Le evidenze raccolte dalla Commissione delle Nazioni Unite delineano una strategia complessa e sistematica: la distruzione del patrimonio palestinese come strumento di conquista territoriale, negazione identitaria e annichilimento culturale. Il danneggiamento intenzionale di siti religiosi, culturali ed educativi, la negazione dell’accesso, la riscrittura storica, e l’esclusione dei palestinesi dalla loro stessa terra e memoria collettiva rappresentano, secondo il diritto internazionale, violazioni gravi dei diritti umani e dei principi umanitari.
L’annientamento del patrimonio culturale palestinese non è solo una questione di storia, ma di sopravvivenza di un popolo.
Le “raccomandazioni” finali
Le Nazioni Unite, attraverso la Commissione d’inchiesta sui Territori Palestinesi Occupati, hanno formulato una serie di raccomandazioni al Governo di Israele riguardo alla distruzione del patrimonio culturale palestinese e alle violazioni dei diritti umani connessi. In sintesi, l’ONU chiede a Israele di porre fine immediatamente all’occupazione illegale del territorio palestinese, cessare l’espansione degli insediamenti e rimuovere insediamenti e coloni in conformità con l’opinione consultiva della Corte Internazionale di Giustizia del luglio 2024. Israele deve interrompere gli attacchi contro istituzioni culturali, religiose ed educative, smettere di usare scuole e siti culturali per scopi militari e rispettare pienamente le misure provvisorie ordinate dalla Corte Internazionale.
Si richiede inoltre il rispetto della Convenzione dell’Aia per la protezione dei beni culturali in caso di conflitto armato, anche attraverso il sostegno attivo alla salvaguardia del patrimonio culturale nei Territori Palestinesi Occupati. Israele deve proteggere il diritto dei palestinesi all’istruzione, alla partecipazione alla vita culturale e all’accesso al patrimonio, restituendo reperti sequestrati e riconoscendo tutte le componenti culturali e religiose dei siti storici. Devono essere garantiti rimedi efficaci alle vittime, condotte indagini indipendenti sui crimini commessi da tutti gli attori, e perseguiti i responsabili.

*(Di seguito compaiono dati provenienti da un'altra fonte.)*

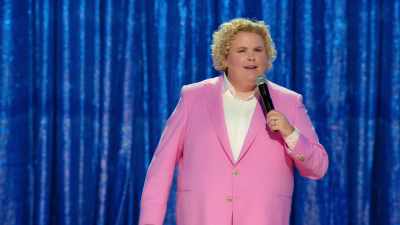 She looked at me like I was crazy.
I'm like, "That's a valid question." - Fortune Feimster: Crushing It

Inoltre, si sollecita Israele ad aderire alla Dichiarazione sulle Scuole Sicure, a proteggere la libertà d’espressione e di associazione, e a fornire supporto psicologico ai bambini. Infine, si chiede alla Palestina di tutelare anche il patrimonio culturale non palestinese, di collaborare con l’UNESCO per la protezione dei beni culturali, e a tutte le parti, inclusi gli attori non statali a Gaza, di rispettare il diritto internazionale umanitario, evitando l’uso militare di strutture civili. Gli Stati membri devono cessare ogni forma di assistenza a violazioni del diritto internazionale e promuovere la responsabilità per crimini e abusi gravi.